As an organ donor, is my penis fair game? Or is this something that needs special consent?

You have to give consent to be an organ donor, and you’re presuming that your heart and lungs and kidneys and things like that are fair game. One does not necessarily consider a face, or arms, or in this case, a penis, fair game. Just as important as counseling the patient prior to surgery, you have to counsel the potential families of donors about what is being considered for organ donation. I would say this is not necessarily fair game and it does in fact need special consent.

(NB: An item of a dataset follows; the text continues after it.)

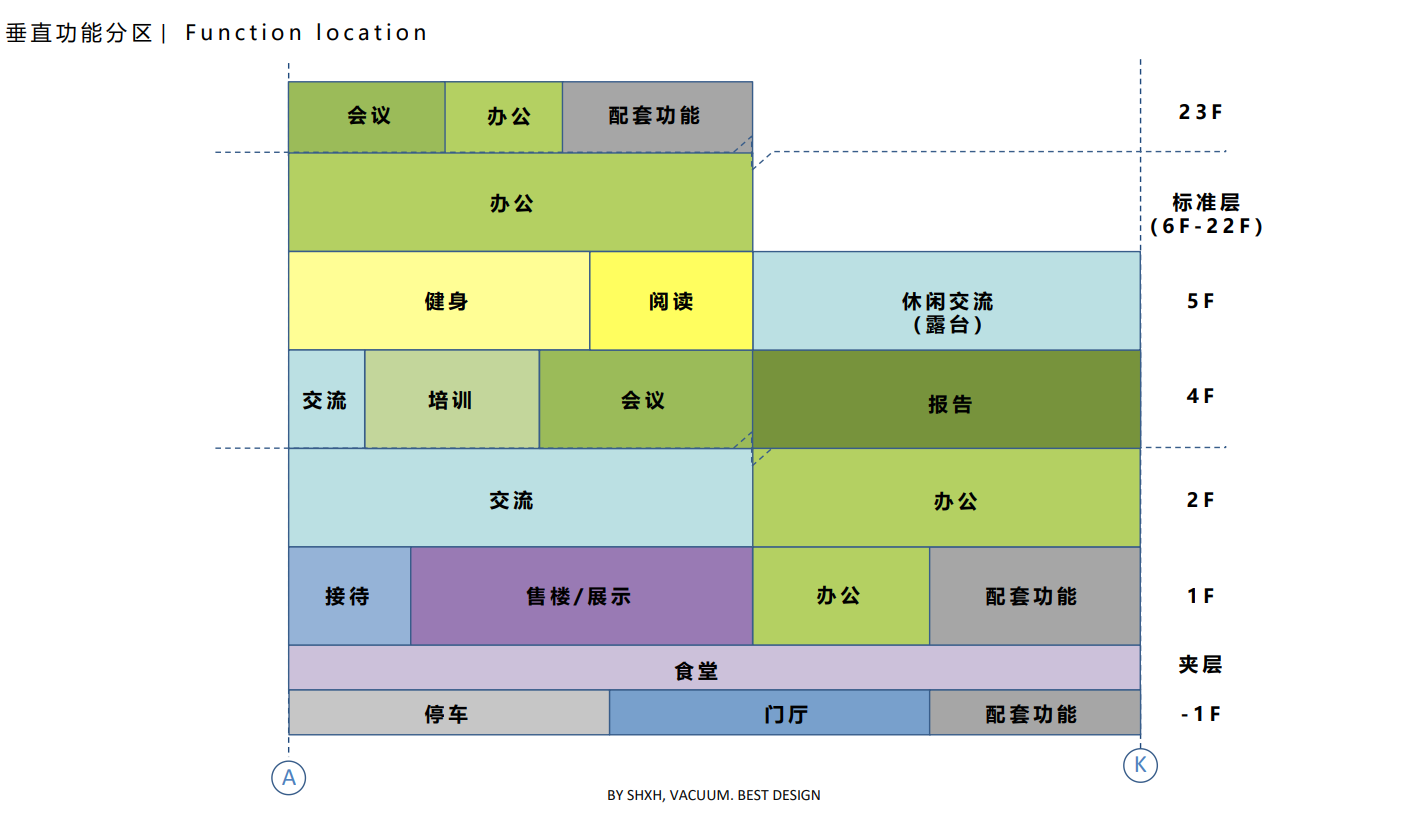 1737516028609389.png 8d787ce8b0e83538969e1a4385488e3.png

Would they screen the donor penis for latex allergies?

Yes—latex allergies among many, many other types of screenings for tissue types, blood types, and other genetic indicators that may not only precipitate an immediate reaction, but perhaps a long-term chronic rejection.

Why have there only been two penis transplants performed so far? 

This topic has been addressed or considered in the past 20 years—actually, since Lorena Bobbit widely publicized that a penis could be removed and then replaced. But really, the nuances of reattaching a severed penis have been documented in urologic literature long before Lorena Bobbitt. The latest twist is that it’s a donor penis rather than the patient’s own severed penis.

Before even considering a transplant, most candidate patients undergo extensive genital reconstruction procedures with their own tissues. And that affords some very good outcomes, and very good functional results. Given the obvious ethical and psychological concerns, reconstruction will likely remain the first consideration.

Given the experimental nature of the upcoming penis transplant, what’s a good outcome for the patient?

Well, it’s probably a subjective answer. A good outcome is probably one in which the patient has an improved sense of self, be it aesthetically or functionally—hopefully both. In the case in South Africa, the patient was sexually active just weeks after the procedure. That’s incredible, and probably as close to as perfect an outcome as one could expect.

But realistically, if the patient is able to use the transplanted penis to simply empty his bladder, and do so without any psychological issues, that would be a good outcome. And if the patient happens to have an improved body image or any sort of sexual function, I think that’d be considered an excellent outcome.

Would the medical team take things like size and color of the donor penis into consideration?

I would believe so. When face transplants or arm transplants are considered, those elements, while not primary, are certainly considered.

The Guardian previously reported that the first penis transplant in China had to be removed due to “a severe psychological problem of the recipient and his wife.”

It’s an evolving science. The patients undergoing these radical transplants are also undergoing extensive preoperative counseling and postoperative counseling. The case in China 10 years ago, that patient went from having a 1-centimeter penile stump to immediately having a 10-centimeter penis. Surgically, everything, per Chinese reports, went perfectly. It’s just that the patient and his wife had difficulty coping with the fact that this was a dead man’s much larger penis.

Are there ethical issues that we may project onto this procedure that we wouldn’t necessarily project onto a heart or lung transplant?

The penis is not a vital organ—it’s not a heart or kidney or lung. So I think it’s inappropriate to consider using that ethical framework. Similarly, it could be argued that a face or arms are technically not vital either. But I think any reasonable person would consider that the social and functional utilities of these transplants justify the potential risks.